# freebsd-update asks me to merge/diff 100+ files



## sintheaus (Oct 14, 2014)

I have an old FreeBSD 7.4 system that I want to update to FreeBSD 8.4-RELEASE. I think FreeBSD 7 was installed from a CD or DVD image. However, this same problem occurs when I update FreeBSD 8 -> 9, and has happened to us in the past on other hosts.

I need help figuring out why `freebsd-update` is asking me to merge over 100 files, most of which I have never ever touched before. Is this behavior normal? How can I prevent it?
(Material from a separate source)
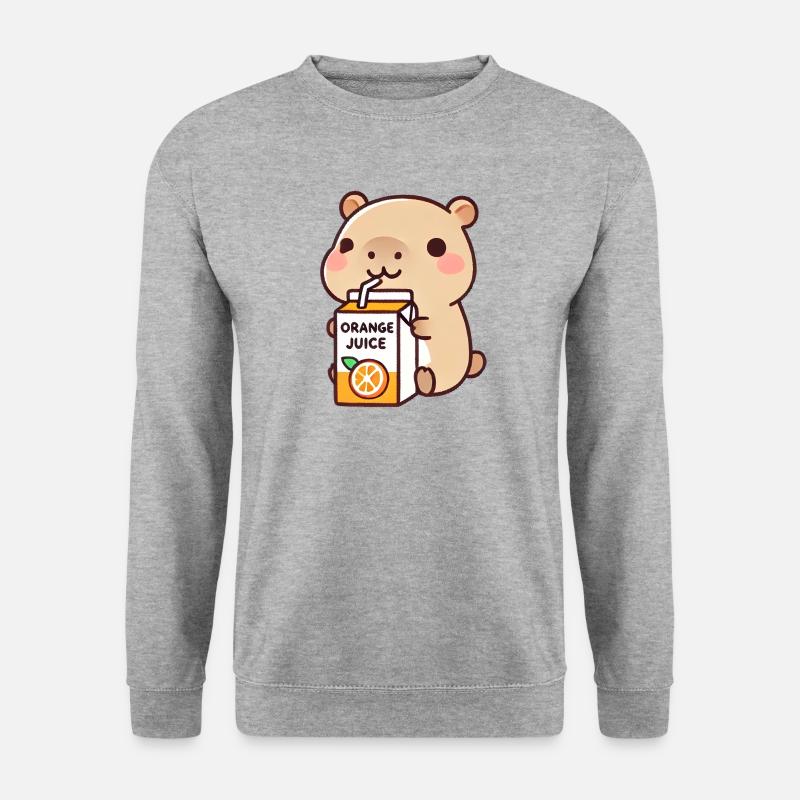 Kawaii Capybara Orangensaft - Unisex Pullover - Weißgrau meliert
I am following the directions at https://www.freebsd.org/releases/8.4R/installation.html . Step 1 looks simple at first:


```
freebsd7# freebsd-update upgrade -r 8.4-RELEASE
Looking up update.FreeBSD.org mirrors... none found.
Fetching metadata signature for 7.4-RELEASE from update.FreeBSD.org... done.
Fetching metadata index... done.
Fetching 1 metadata patches. done.
Applying metadata patches... done.
Fetching 1 metadata files... done.
Inspecting system... done.

The following components of FreeBSD seem to be installed:
kernel/generic src/base src/bin src/cddl src/contrib src/crypto src/etc
src/games src/gnu src/include src/krb5 src/lib src/libexec src/release
src/rescue src/sbin src/secure src/share src/sys src/tools src/ubin
src/usbin world/base world/dict world/doc world/info world/manpages
world/proflibs

The following components of FreeBSD do not seem to be installed:
world/catpages world/games world/lib32

Does this look reasonable (y/n)? y
Fetching metadata signature for 8.4-RELEASE from update.FreeBSD.org... done.
Fetching metadata index... done.
Fetching 1 metadata patches. done.
Applying metadata patches... done.
Fetching 1 metadata files... done.
Inspecting system... done.
/usr/sbin/freebsd-update: cannot open files/.gz: No such file or directory
Attempting to automatically merge changes in files... done.

The following file could not be merged automatically: /etc/amd.map
Press Enter to edit this file in vi and resolve the conflicts
manually...
```

According to the FreeBSD docs (and the handbook), 





> During this process, FreeBSD Update may ask the user to help by merging some configuration files or by confirming that the automatically performed merging was done correctly.


. 

But freebsd-update is not just asking me to merge "some" configuration files. `freebsd-update` is asking me to merge well over 100 files, 90% of which I have never touched and I know nothing about.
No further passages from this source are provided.